“Artificial intelligence is going to be on the next major battlefield, and you don’t want to get there second,” Ret. Gen. John Murray, Former Commanding General, Army Futures Command
Retired Gen. John Murray, former Commanding General, Army Futures Command, has over the years told Warrior that he envisioned possible future warfare as taking place on what he called a “hyperactive battlefield”… characterized by ubiquitous, omni-present sensors across domains, robotic platforms and AI-driven combat.
“Artificial intelligence is going to be on the next major battlefield, and you don’t want to get there second,” Ret. Gen. John Murray, Former Commanding General, Army Futures Command, told Warrior in a recent discussion of future warfare.
Murray explained this in relation to a broader context in which modern concepts of operation and Combined Arms Maneuver continue to take shape as technology matures; sure enough, Murray spent many years leading his Command to anticipate how emerging technologies inform and change maneuver formations, tactics and concepts of operation. One such instance of this pertains to “sensors,” as Murray put it, because there will be “nowhere to hide” in modern warfare — due to the expected presence of different kinds of “sensors” dispersed throughout a multi-domain theater of warfare.
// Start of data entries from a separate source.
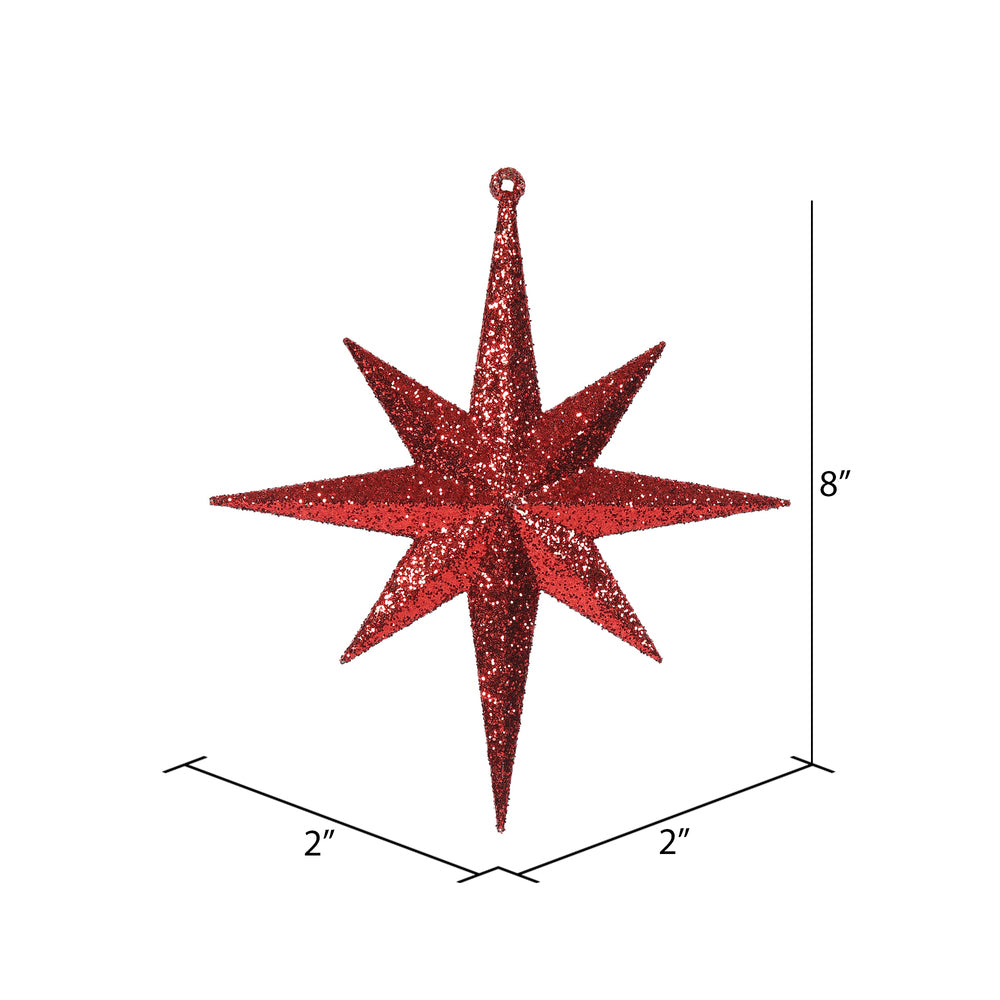 4" Glitter Bethlehem Star Ornament - Red - Set of 4 Red — view 2
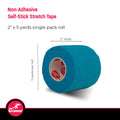 Cramer Eco-Flex Self-Stick Stretch Tape Teal 2"x5yd Single Roll by Deal US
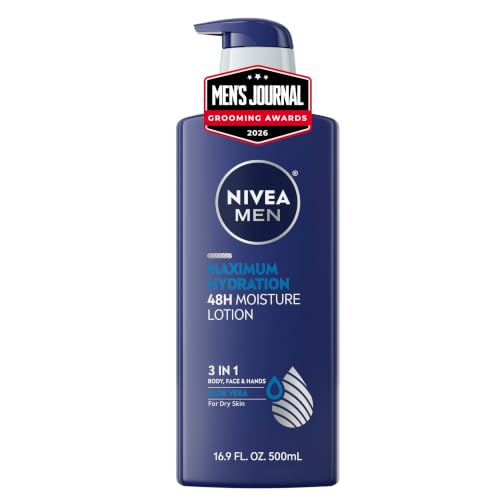 NIVEA MEN Maximum Hydration Lotion, 48-Hour Body Moisturizer, 16.9 FL OZ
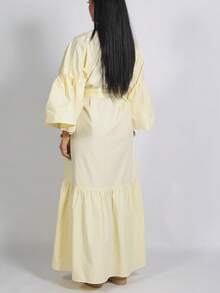 Women's Plus Size Elegant Long Shirt Dress, Casual Flared Sleeves, Stand Collar With Front Tie And Ruffle Hem, Suitable For Spring, Autumn, Winter Party And Vacation - Yellow - View 7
Robotics are yet another fast-evolving area of expected future warfare, given the pace of maturation of advanced algorithms enabling more and more functions to be performed without needing human intervention.
These kinds of variables are perhaps most significant with regard to how AI continues to change platforms, sensors, networking and concepts of future warfare.
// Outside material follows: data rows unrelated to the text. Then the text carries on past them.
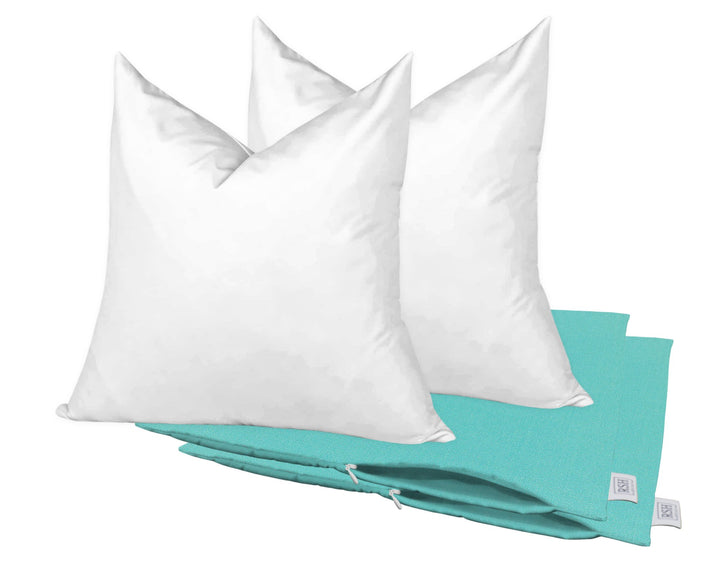 Set of 2 Square Zippered Throw Pillow Covers with Inserts | Sunbrella Solids - RSH Decor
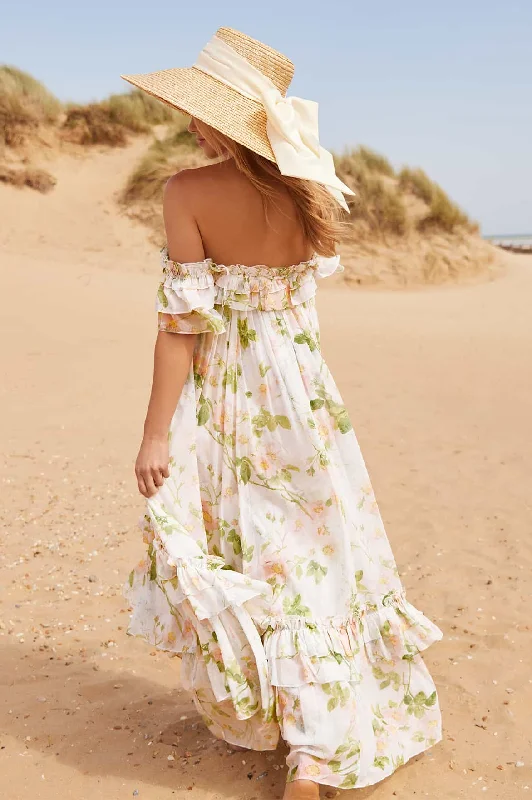 New Deals Immortal Rose Aria Chiffon Off-Shoulder Ankle Gown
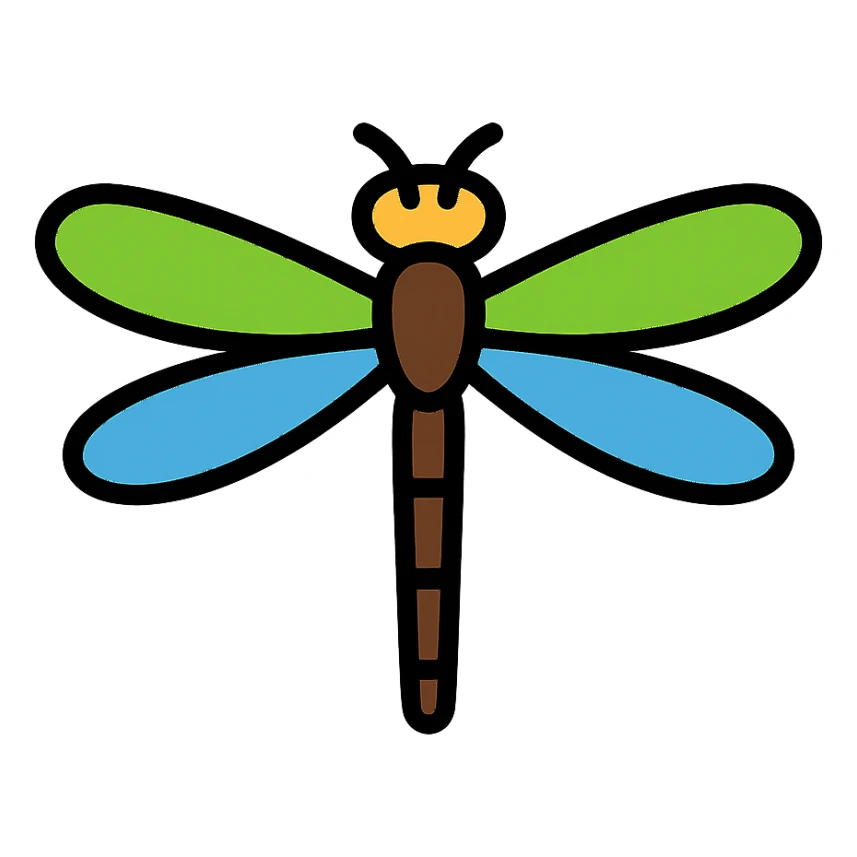 Create a more minimalist version of a realistic dragonfly with bright green and blue wings, in the color outline icon style. Simplify the shapes and details while keeping the vibrant wing colors and the overall dragonfly form. sticker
In an initial, somewhat self-evident sense, AI is driving a new paradigm of high-speed, information-driven warfare, autonomy and massively truncated or shortened “sensor-to-shooter” times. The advantages and potential applications of AI are not only vast and wide-spread, but continuing to expand quickly.
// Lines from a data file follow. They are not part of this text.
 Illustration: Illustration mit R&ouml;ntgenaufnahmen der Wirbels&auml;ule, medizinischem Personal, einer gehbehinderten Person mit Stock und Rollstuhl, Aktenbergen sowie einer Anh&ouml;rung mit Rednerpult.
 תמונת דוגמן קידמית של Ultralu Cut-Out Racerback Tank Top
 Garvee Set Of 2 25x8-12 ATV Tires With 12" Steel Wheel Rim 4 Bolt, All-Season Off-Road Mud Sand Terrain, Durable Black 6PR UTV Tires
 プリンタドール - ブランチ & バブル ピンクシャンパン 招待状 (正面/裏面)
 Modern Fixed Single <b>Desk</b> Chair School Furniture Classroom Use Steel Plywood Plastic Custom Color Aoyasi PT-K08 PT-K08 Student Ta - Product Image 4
One such paradigm-changing example, Murray explained, relates to AI-enabled automatic target recognition technology now integrating into ground attack platforms such as the Abrams tank. As a former 3rd Infantry Division Commander, Murray explained how soldiers were considered capable of being a “gunner” and manning the 120mm cannon if, when looking at flash cards, they were able to correctly identify 80-percent of the correct targets.